Premium IOL’s

Before the 1980s, cataract surgery meant heavy, thick glasses since the eye’s natural lens, clouded and opaque, is completely removed. Intraocular cataract lenses, or IOLs, now replace the natural lens, so bulky corrective eyewear isn’t necessary. Premium IOLs provide even better vision in some cases. The surgeons at South Shore Eye Care in Wantagh and Massapequa, New York, can match the right IOL to your needs.

Why is the Natural Lens Removed During Cataract Surgery?

Cataracts are a common condition that often occurs naturally with aging but may also result from an injury to the eye, a complication of a disease, or as a side effect of medication, such as with the long-term use of corticosteroid eye drops.

Typically developing over a long period of time, the lens of one eye or both starts to cloud, affecting the resolving ability of the affected eye. Eventually, this clouding, left untreated, causes blindness. The only treatment for cataracts is surgery that removes the cloudy lens. When both your eyes are affected, two surgeries are typically performed, a month or two apart.

What Happens After the Lens is Removed?

Prior to the introduction of IOLs, the eye simply healed after surgery and special corrective eyewear was prescribed to handle all of the vision correction formerly handled by the natural lens. IOLs represent natural lens replacements and are implanted in the eye during cataract surgery.

Single-vision IOLs eliminate the need for heavy cataract vision correction but still have limited ability to correct eyesight on their own. Premium IOLs introduce advanced features that more closely imitate natural eyesight.

What Features Do Premium IOL’s Offer?

Your eye’s natural lens has an aspherical shape. Standard IOLs have a regular spherical shape that doesn’t resemble a natural lens.

Aspherical IOLs, on the other hand, more closely resemble the natural lens, with an uneven curvature that reduces the number of aberrations that a spherical lens introduces. Premium aspherical IOLs typically produce better low-light vision and improved performance in these conditions, which makes driving at night possible.
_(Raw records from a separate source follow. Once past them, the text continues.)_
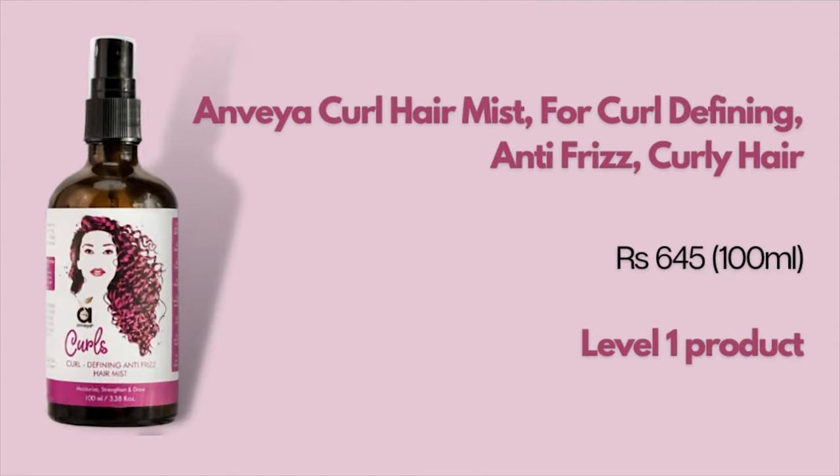It would be a mistake to say all type 2 hair can use one product, or all high porosity hair can use the same product. It's going to be a mix-and-match of both factors — hair type and porosity — and these together determine what product suits you best. That's exactly why I came up with my level system, which helps you understand how heavy and moisturizing a product is so you can make your decision based on it.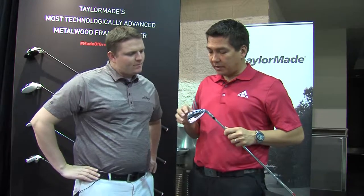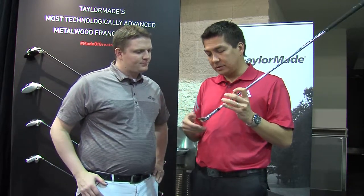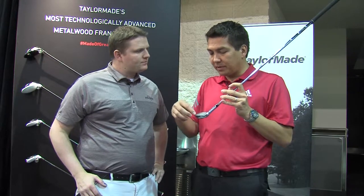We also have the speed pocket, which we've had in earlier irons. We've actually enhanced it a little bit, and now it actually goes all the way through the head, comes through here, and delivers even more ball speed low on the face. Think of it as freeing up the bottom and the heel and the toe to make those really fast, delivering more ball speed and more consistency for the player.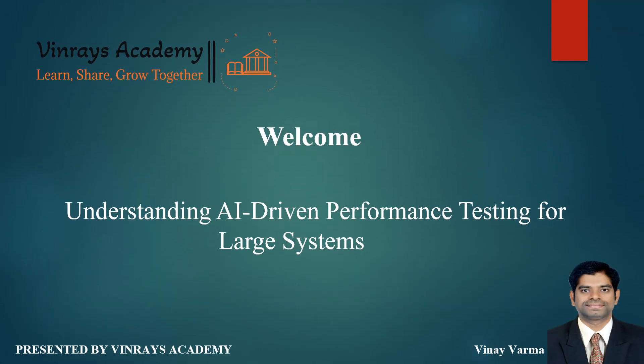Hello, everyone, and welcome back to WinRace Academy. This is VinEye. Today, we are exploring the world of performance testing for large-scale systems and how AI can revolutionize this critical area of quality assurance.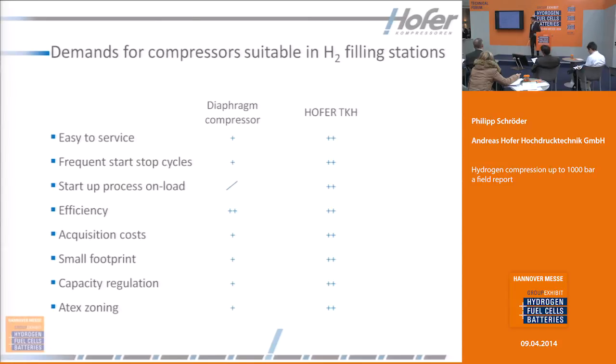So looking at the two different compressor types, the TKH for filling stations is the recommended version — the preferred design that Hofer always uses for hydrogen filling stations. As mentioned, in 1997 we started with diaphragm compressors, but for a hydrogen filling station we consider the TKH hydraulic driven compressor to be preferred.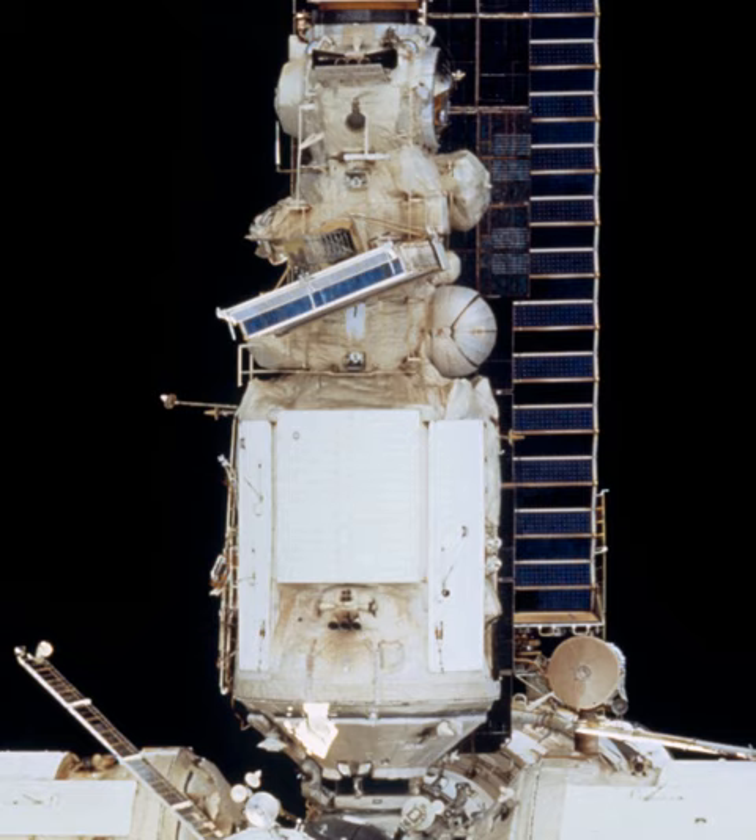The Krystal module was the fourth module and the third major addition to the Mir space station. As with previous modules, its configuration was based on the 77K module, and was originally named KVANT-3. It was launched on May 31, 1990 on a Proton K. It docked to Mir autonomously on June 10, 1990.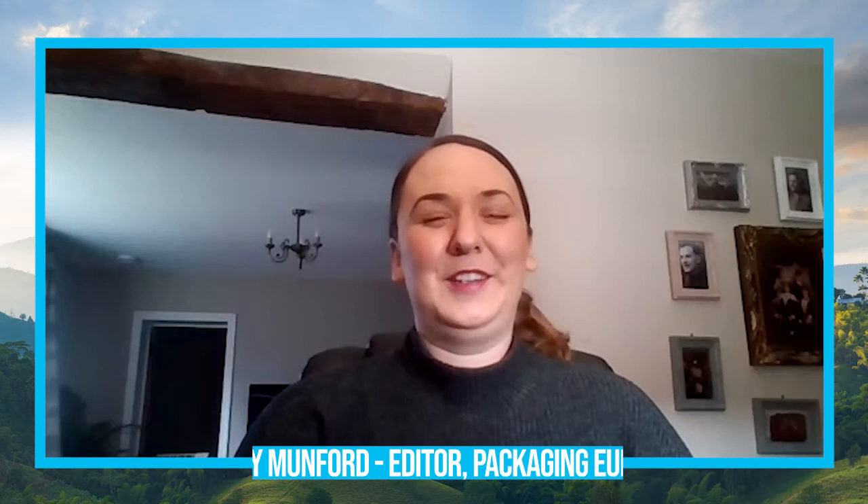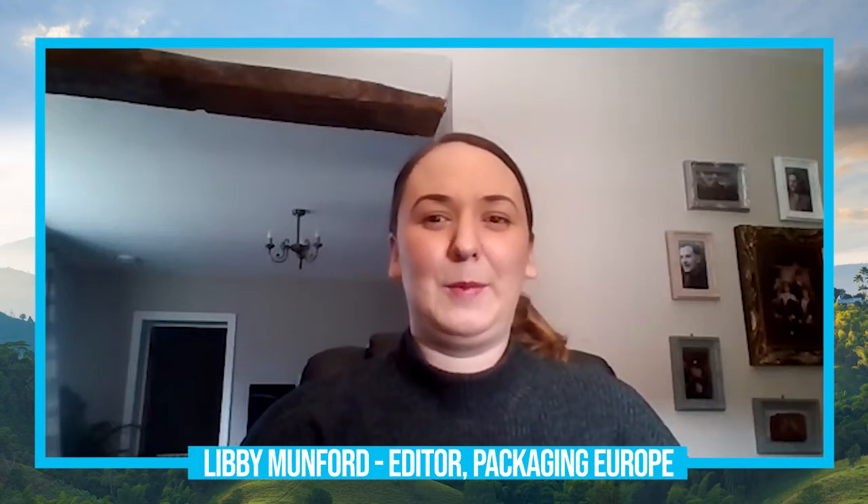Hello, I'm Libby Munford, Editor at Packaging Europe, and I'd like to welcome you to our latest video as part of our Sustainability Perspective series, where I'm pleased to be sitting down with Philip Hainfield, who is Senior Vice President of Innovation and Research Development of the Packaging Materials Division at Stora Enso.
Toric IOLs can also correct for astigmatism, farsightedness, and nearsightedness. If you have one of these refractory issues as well as cataracts, both issues may be addressed with a premium toric IOL. Since IOLs don’t have the shape-changing ability of a natural eye lens, corrective eyewear may still be required after the procedure, but these will be similar to normal eyeglasses or contacts, not the heavy “bottle” lenses formerly associated with post-cataract surgery patients.

Some types of laser eye surgery, such as LASIK, may be performed after toric IOLs are placed to further reduce the effects of astigmatism.